▶ _PROVIDED MATERIAL_
***
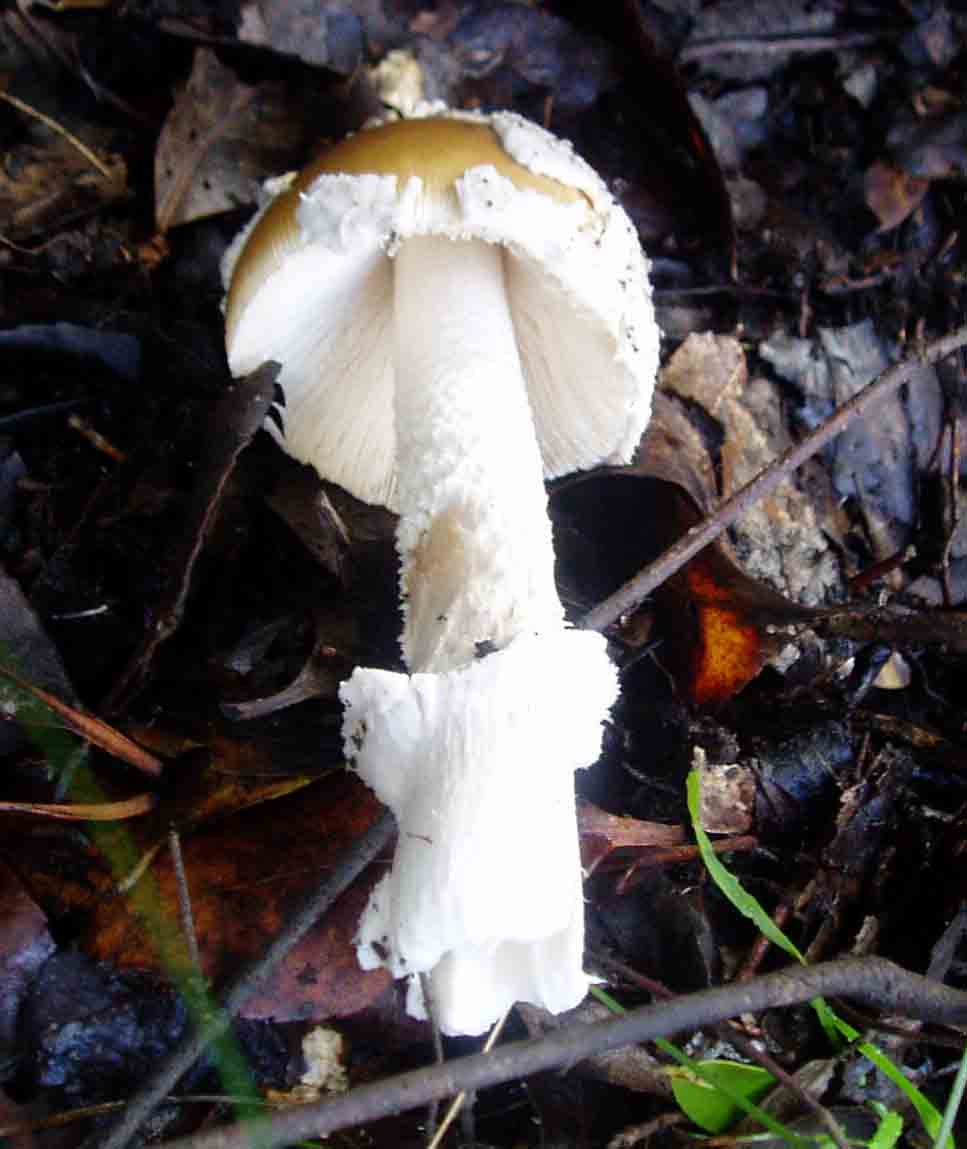 amanitopsis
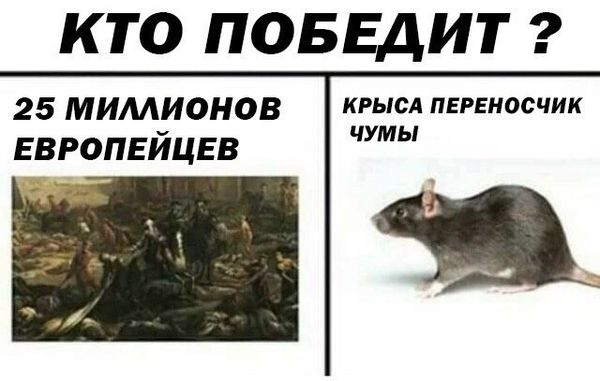Уничтожение крыс в Ульяновске, цены, стоимость, методы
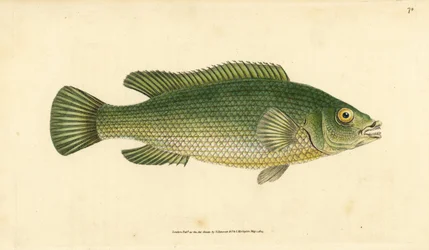 Cuckoo wrasse, Labrus mixtus (Streaked wrasse, Labrus lineatus). Handcoloured copperplate drawn and engraved by Edward Donovan from his Natural History of British Fishes, Donovan and F.C. and J. Rivington, London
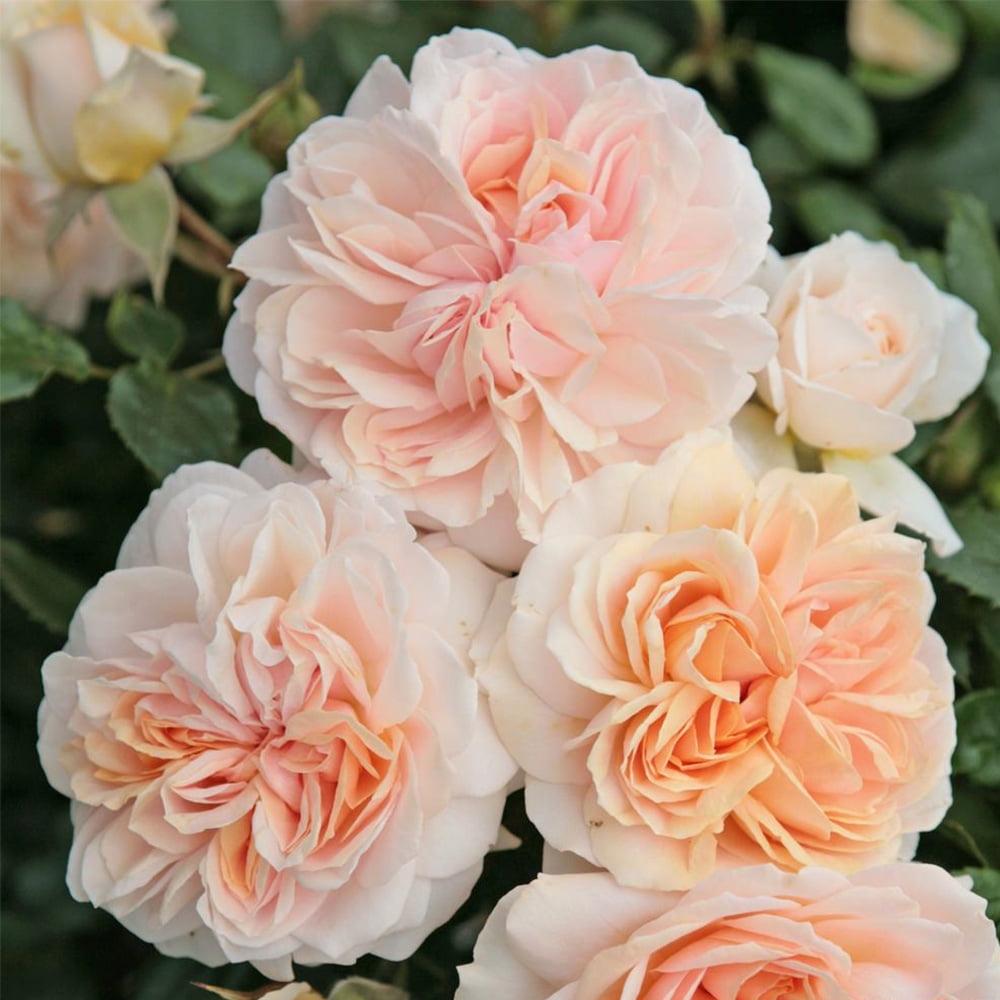 Rosa, Floribunda 'veranda White' - View 20 from www redcrocus com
***
All of the material goes into the answer exactly as it stands, except for the pictures.

▶ _TASK ANSWER_
 amanitopsis
Уничтожение крыс в Ульяновске, цены, стоимость, методы
 Cuckoo wrasse, Labrus mixtus (Streaked wrasse, Labrus lineatus). Handcoloured copperplate drawn and engraved by Edward Donovan from his Natural History of British Fishes, Donovan and F.C. and J. Rivington, London
 Rosa, Floribunda 'veranda White' - View 20 from www redcrocus com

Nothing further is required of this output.